Editorial du « Monde ». Méthodiquement depuis deux ans, le régime syrien, avec l’appui crucial de ses alliés russes et iraniens, a repris toutes les poches de résistance du pays, les unes après les autres. Il n’en reste plus qu’une : Idlib, dans le nord-ouest du pays, où vivent trois millions de civils, dont un million de personnes déplacées. L’offensive sur Idlib, dernier acte de cette reconquête, passe aujourd’hui pour inéluctable. Les troupes se massent, les déclarations se musclent, mais l’importance de ce qui se joue dans cette enclave va au-delà d’un simple remodelage des lignes de front. Idlib ne symbolise pas seulement la dernière bataille d’un conflit terriblement meurtrier, mais déjà la première crise d’un après-guerre dominé par Moscou.

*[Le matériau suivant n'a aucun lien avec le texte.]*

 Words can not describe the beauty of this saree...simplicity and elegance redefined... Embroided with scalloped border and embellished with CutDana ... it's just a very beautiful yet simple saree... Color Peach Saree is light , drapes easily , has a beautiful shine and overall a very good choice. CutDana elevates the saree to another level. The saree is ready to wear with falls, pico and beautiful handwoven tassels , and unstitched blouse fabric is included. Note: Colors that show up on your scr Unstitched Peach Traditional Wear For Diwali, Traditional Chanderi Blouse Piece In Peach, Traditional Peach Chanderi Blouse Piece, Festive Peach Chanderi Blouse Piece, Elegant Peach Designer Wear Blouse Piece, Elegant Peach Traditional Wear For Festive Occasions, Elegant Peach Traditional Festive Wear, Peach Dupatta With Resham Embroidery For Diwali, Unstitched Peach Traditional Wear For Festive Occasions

La mise en garde lancée sur Twitter, tard lundi 3 septembre, par le président Donald Trump au président Bachar Al-Assad, ainsi qu’aux Russes et aux Iraniens, contre « la grave erreur humanitaire » que constituerait un assaut sur Idlib ne doit en effet tromper personne : les Etats-Unis, de moins en moins intéressés par la Syrie, ne bougeront pas. Les menaces occidentales se limitent aujourd’hui à celles de frappes en cas de recours à l’arme chimique.

C’est donc le président Vladimir Poutine qui détient les cartes maîtresses. Il a le pouvoir de lancer une offensive de grande ampleur ou, au contraire, de limiter l’avancée des forces prorégime aux marges de l’enclave. De lui dépend la décision qui déclenchera un chaos de grande ampleur ou une guerre d’usure.

Car Idlib est devenue une poudrière. Les djihadistes d’Hayat Tahrir Al-Cham, une coalition issue d’Al-Qaida, y constituent la force dominante. De nombreux combattants de groupes d’opposition chassés des autres régions s’y sont retirés et se mêlent à la population civile. Une opération de grande ampleur pourrait se traduire par un exode massif que la Turquie voisine entend éviter à tout prix.

Le scénario du chaos

Les forces turques se sont révélées inaptes à isoler les éléments les plus radicaux d’Idlib, légitimant ainsi les pressions russes. Les groupes proturcs ne rassemblent qu’une minorité des combattants d’Idlib et une position plus offensive d’Ankara contre les djihadistes pourrait se traduire par des attentats sur le sol turc. Ainsi prise au piège de sa relation avec Moscou, la Turquie de Recep Tayyip Erdogan n’aurait d’autre choix pour préserver le statu quo que de se soumettre aux termes dictés par son par­tenaire russe dans la définition des grands équilibres de l’après-guerre. Cette défi­nition sera au cœur du sommet qui doit réunir, le 7 septembre à Téhéran, les présidents russe, turc et iranien.

L’Europe, elle, est directement concernée par le scénario du chaos à Idlib, peu onéreux pour Moscou mais aux conséquences humanitaires inévitablement tragiques. L’exode des habitants d’Idlib ne pourrait pas être contenu par une Turquie qui abrite déjà trois millions de réfugiés syriens : c’est alors la menace d’une nouvelle crise migratoire qui pèserait sur notre continent, à la veille des élections au Parlement européen.

Le constat est simple. Les Etats-Unis se retirent, la Russie est en position d’arbitre régional. M. Poutine attend des Européens qu’ils financent la reconstruction d’une Syrie exsangue à la tête de laquelle il a rétabli Bachar Al-Assad, celui-là même qui a massacré son peuple. Les Européens ont là un levier financier : il leur incombe de s’en servir pour éviter ce scénario, et pour exiger une transition politique à Damas.